Certain things make up the standard criteria for obtaining credit from financial institutions, one of these things is your credit score. Put simply, your credit score is an index that shows your qualification and how much you potentially qualify for a loan or facility. In this article we list out 10 easy ways to improve your credit score.
Credit scores can be ranked as follows: LOW, AVERAGE or EXCELLENT. These rankings play a crucial role in determining the interest accrued by banking institutions and loan facilities. Generally, people with excellent or high credit scores will attract lower interest than those with average or low credit scores.
One of the easiest ways to keep a good credit score is to ensure that there are no late payments on your bills talk less of defaults on payments. A secret to keeping the score high is regular week-in-week-out or monthly payments as they reflect positive finances and balance in your bills.
What you would want to avoid the most in this case however, is a condition where your case is referred to a collection agency; as far as lowering credit scores go, this is the lowest and fastest way to make sure you don’t get any loans.
Another way to increase your credit score is to round up all your credit cards and pay off their balances while using one or two for most transactions. The reason for this is simple; owing multiple amounts on separate cards paints a negative perception of your spending habits, and it is just wiser to make payments with one card that has the best interest rate over making payments with multiple cards.
A common mistake made by most people is trying to have a perfect financial record. To achieve this people occasionally call their banks to have a debt removed from their report as soon as it is paid off.
Similarly, they close down accounts that have a history of good financial transactions, not bearing in mind that account statement and debt repayment history also play a vital role in obtaining credit. As long as you don’t have records of late payments, defaults or written off debts, you should be fine. Sometimes, too much tinkering has a negative effect on your credit history.
As earlier said owning a credit card affects your credit score. The payment history on your card also impacts the credit score. Ideally, you should not have a balance that shows you have more than 30 – 35 percent of your available credit limit unused as this will affect your score even when you make prompt bill payments.
To boost your score, keep a balance that falls lesser than the 35 percent allowed. Demonstrate proper and wise utilization while reducing your credit through your payment history and watch your credit score improve.
If it looks like you might be short on this month’s payment, the first step is to reach out to your creditors and see if there is a way to re-arrange or reschedule payments to a more convenient period. Do everything possible to see that your case is not listed with the credit collectors. You can consider using debt consolidation service to help you manage the negotiations with your creditors and allow you pay off your debts in one convenient payment schedule.
If you previously ran a joint account with your ex, it may be advisable to separate from the account and have a single one. This is because the spending habits of the other reflects on the joint account and so does the joint debts and credits. As the divorce process moves on, ensure to clear all joint credit and close the account as soon as possible.
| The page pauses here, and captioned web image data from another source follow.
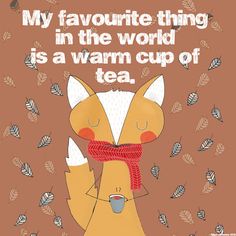 a cartoon fox with a scarf around its neck and the words, my favorite thing in the world is a warm cup of tea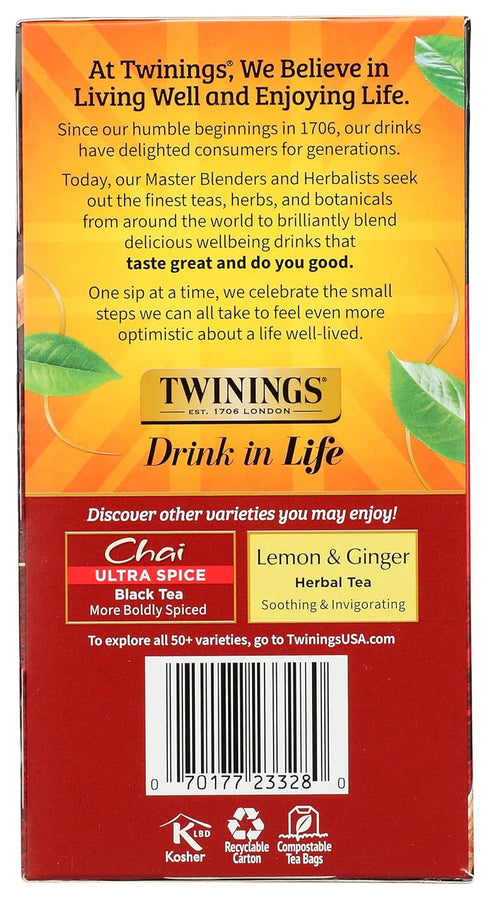 50 Count Twinings Chai Black Tea Individually Wrapped Bags, Sweet, Savoury Spices, Caffeinated, Enjoy Hot or Iced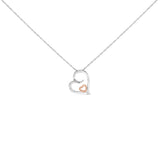 14K Rose Gold Plated Sterling Silver Diamond Accent Heart Pendant Necklace-0 thumbnail 1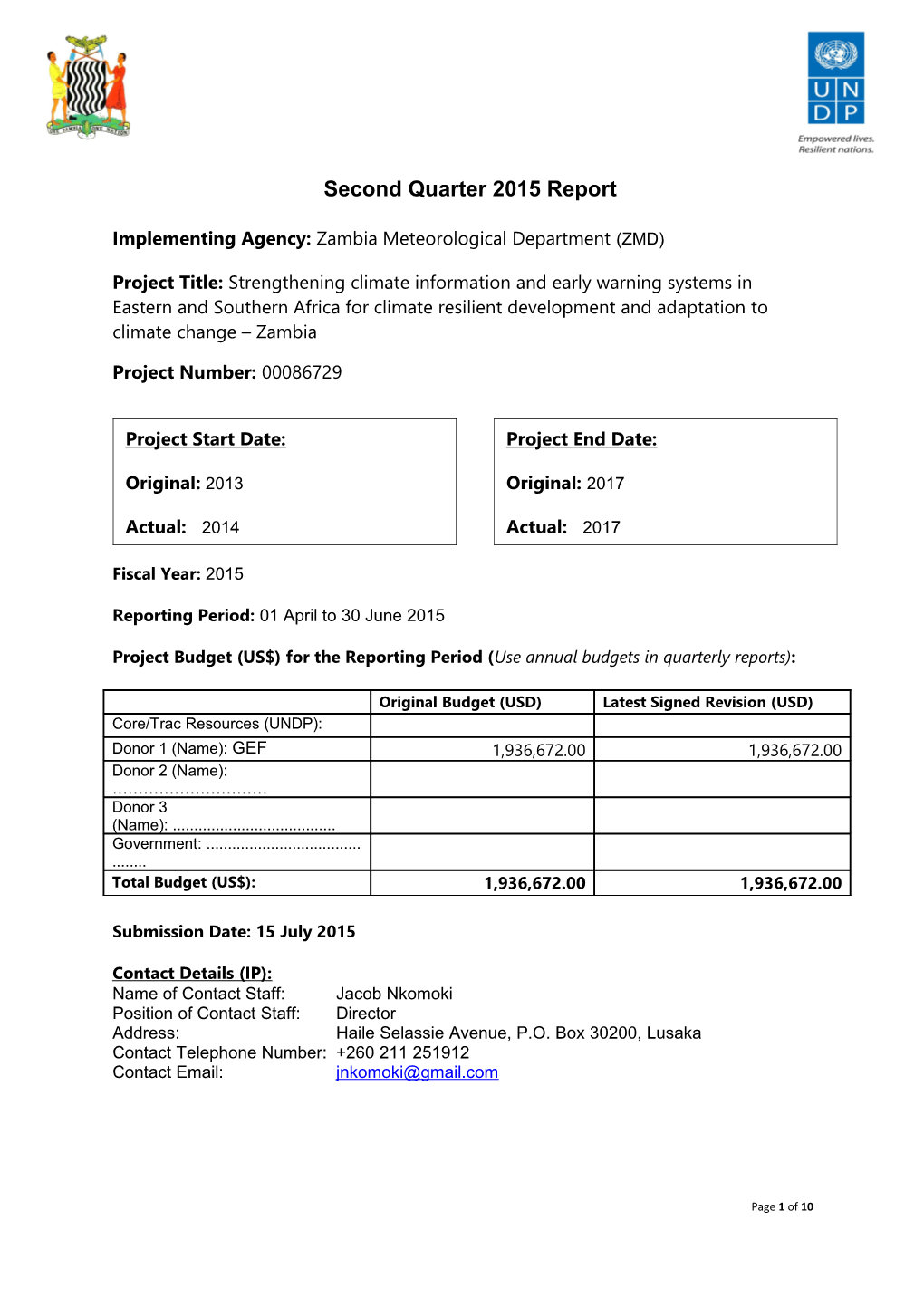 Project Budget (US$) for the Reporting Period ( Use Annual Budgets in Quarterly Reports)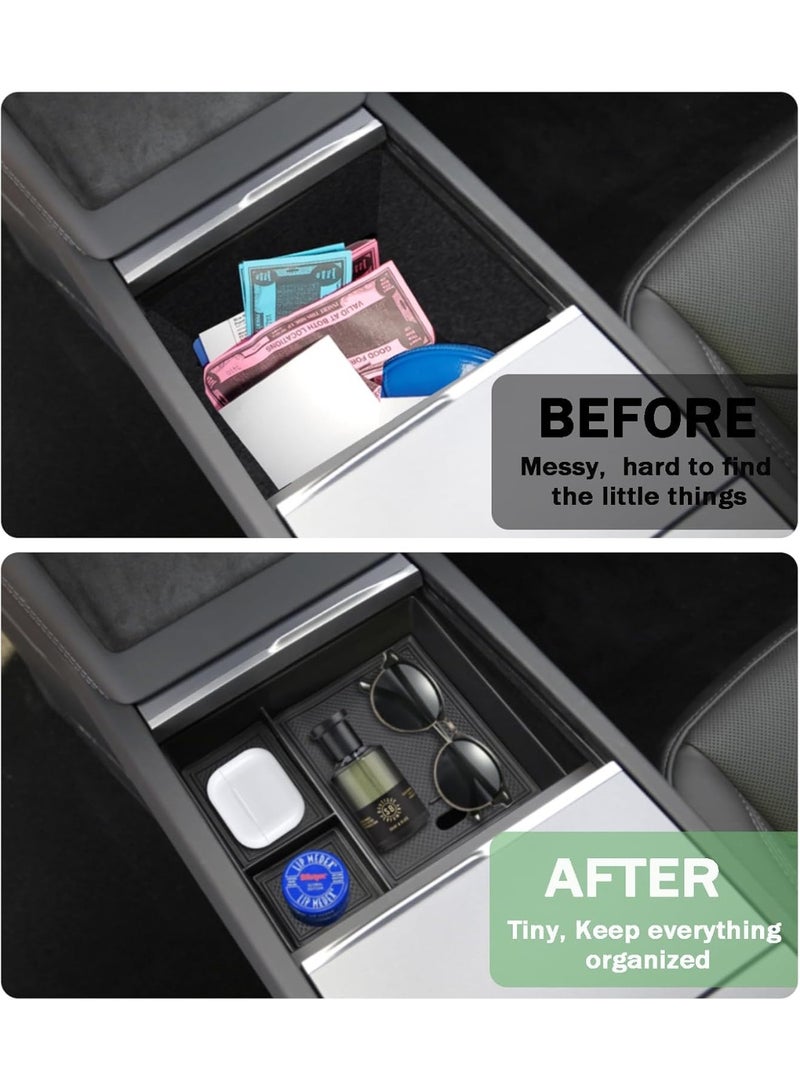 for Tesla Model 3 2024 Center Console Organizer - Upper Center Console Storage Tray Box Interior Accessories for Tesla Model 3 2024 Highland - Image 5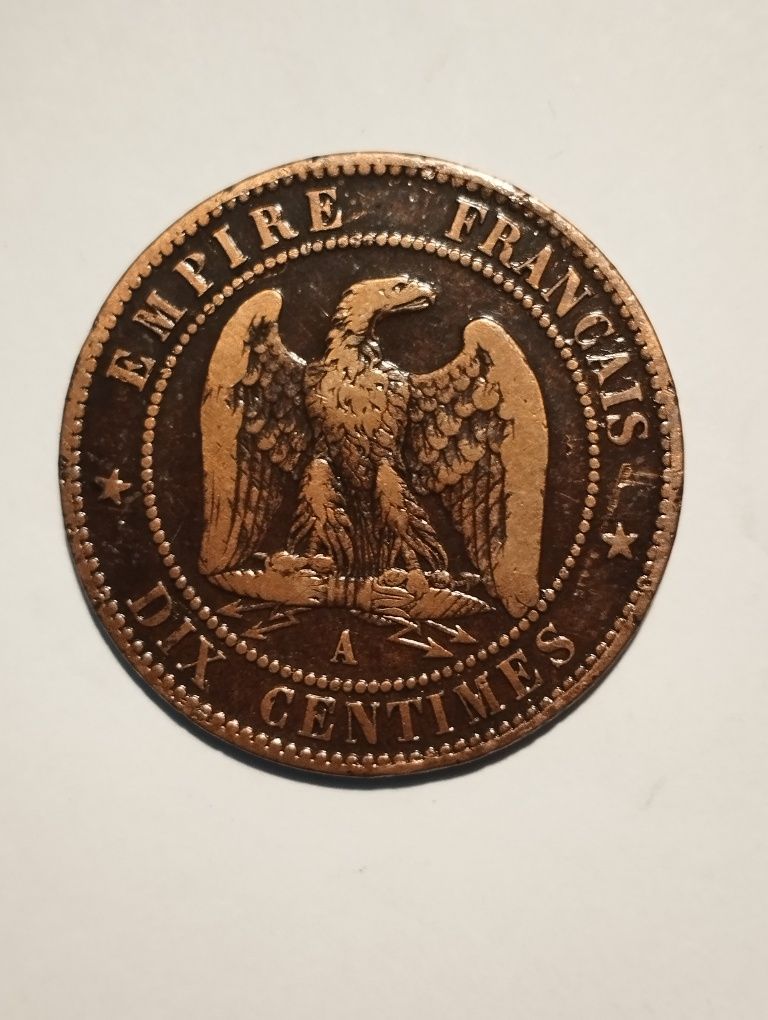 Moeda de 10 Centimes 1853 França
Notify all necessary financial companies that you have divested from the relationship and they will provide you the best possible options to help you avoid negative knock-on effects from your ex’s financial activities. There have been cases where a vengeful ex has left debts unpaid or taken fresh credit cards on the couple’s account during a divorce and ran up debt without any plans to repay.
If you go through your credit report and find an error, it is very important to take it up and ensure that the error is sorted and the old information listed therein is removed and replaced with the corrections. Also that you retrieve your credit report from the most common providers at least once a year to know what everyone has listed as your account and debt records. Take some time to identify potential issues and have these resolved before they affect your credit in the future.
Becoming an authorized user on someone else’s card is a positive way to increase credit score most importantly when the other person has a very good financial habit. This helps in two ways, first it helps reduce your credit utilization ratio, and secondly, all the transactions of the other person will show up in your own records. One person you can do that with is a child when you are teaching them to be financially responsible. Because you are also most likely responsible for paying off part of their credit card debts, you might as well score some cool credit points along with the cool dad points.
Applying for a credit limit increase or getting a new credit card are ways to improve your credit score. The most beneficial aspect is the reduction of the credit utilization ratio; a criterion that weighs a lot when determining credit scores. The more your credit limit, the easier it would be for you to stay within the recommended 30-35 percent usage limit. Be careful also that this also means a higher debt risk if you lose focus and have many expenses on the new credit line. Be responsible with any credit limits and watch it boost your credit score.
Enquiries made on a credit card or account often ends up in the credit report and can be shady towards your credit score increased. Enquiries often arise when a card is being maxed out, defaults on payments and so on. Also, do not sign up for financial programs that involve your credit history being pulled up frequently. You should also research a new loan or credit card properly to know if you are eligible before applying. Having failed applications that require your credit report being requested will not help to improve your credit score but will negatively affect it.